Exercise: Reproduce, exactly and in full, the records that follow, minus any pictures.
☆ ☆ ☆ ☆
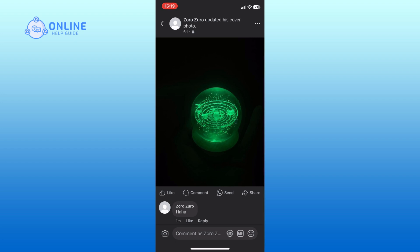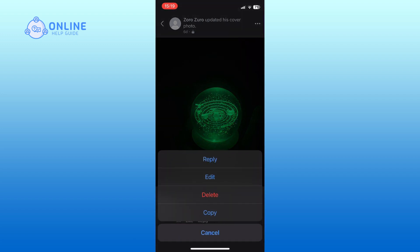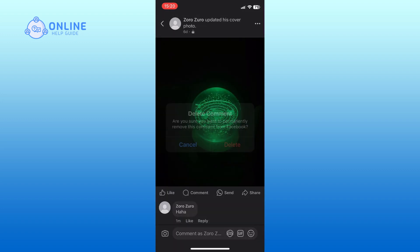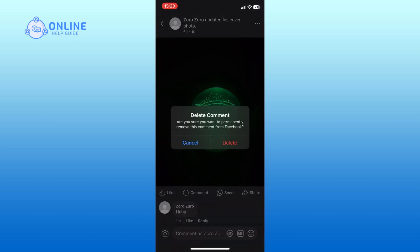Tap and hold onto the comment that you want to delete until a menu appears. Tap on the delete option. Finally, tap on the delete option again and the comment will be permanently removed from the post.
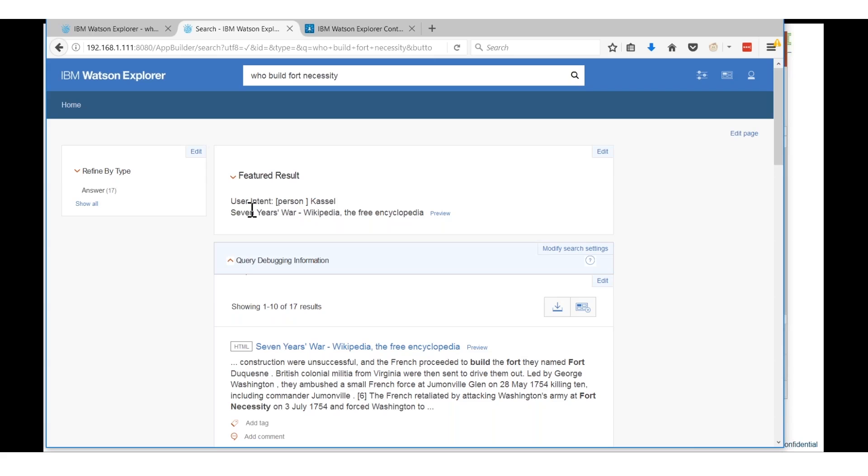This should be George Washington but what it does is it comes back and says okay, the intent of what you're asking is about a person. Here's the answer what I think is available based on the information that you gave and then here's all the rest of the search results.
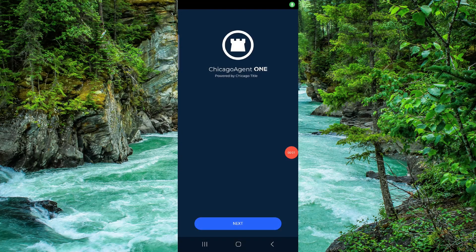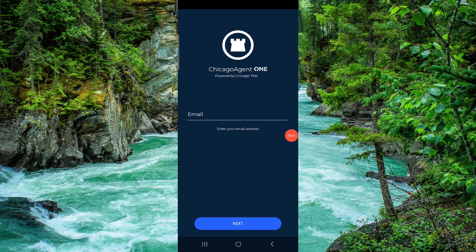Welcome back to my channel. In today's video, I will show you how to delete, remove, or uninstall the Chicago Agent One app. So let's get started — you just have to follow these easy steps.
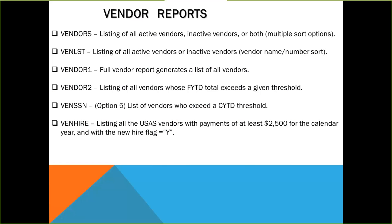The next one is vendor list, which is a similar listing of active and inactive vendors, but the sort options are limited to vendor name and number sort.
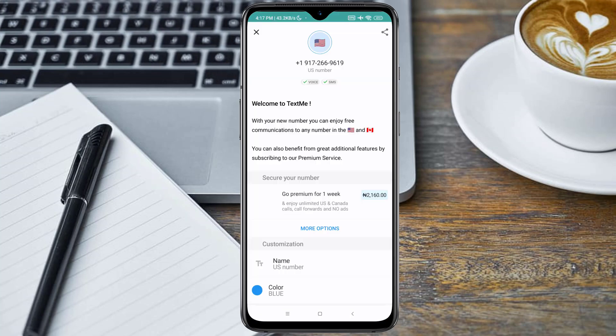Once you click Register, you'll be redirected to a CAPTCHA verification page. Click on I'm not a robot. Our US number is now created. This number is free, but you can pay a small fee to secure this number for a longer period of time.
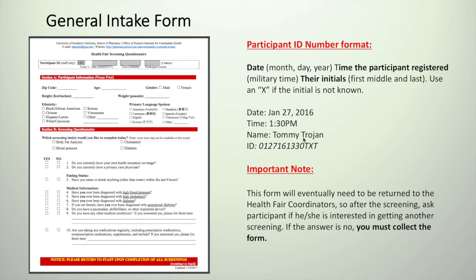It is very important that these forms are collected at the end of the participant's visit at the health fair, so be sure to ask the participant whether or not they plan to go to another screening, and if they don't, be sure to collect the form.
☆ ☆ ☆ ☆
Written answer:
Tap and hold onto the comment that you want to delete until a menu appears. Tap on the delete option. Finally, tap on the delete option again and the comment will be permanently removed from the post.
This should be George Washington but what it does is it comes back and says okay, the intent of what you're asking is about a person. Here's the answer what I think is available based on the information that you gave and then here's all the rest of the search results.
Welcome back to my channel. In today's video, I will show you how to delete, remove, or uninstall the Chicago Agent One app. So let's get started — you just have to follow these easy steps.
The next one is vendor list, which is a similar listing of active and inactive vendors, but the sort options are limited to vendor name and number sort.
Once you click Register, you'll be redirected to a CAPTCHA verification page. Click on I'm not a robot. Our US number is now created. This number is free, but you can pay a small fee to secure this number for a longer period of time.
It is very important that these forms are collected at the end of the participant's visit at the health fair, so be sure to ask the participant whether or not they plan to go to another screening, and if they don't, be sure to collect the form.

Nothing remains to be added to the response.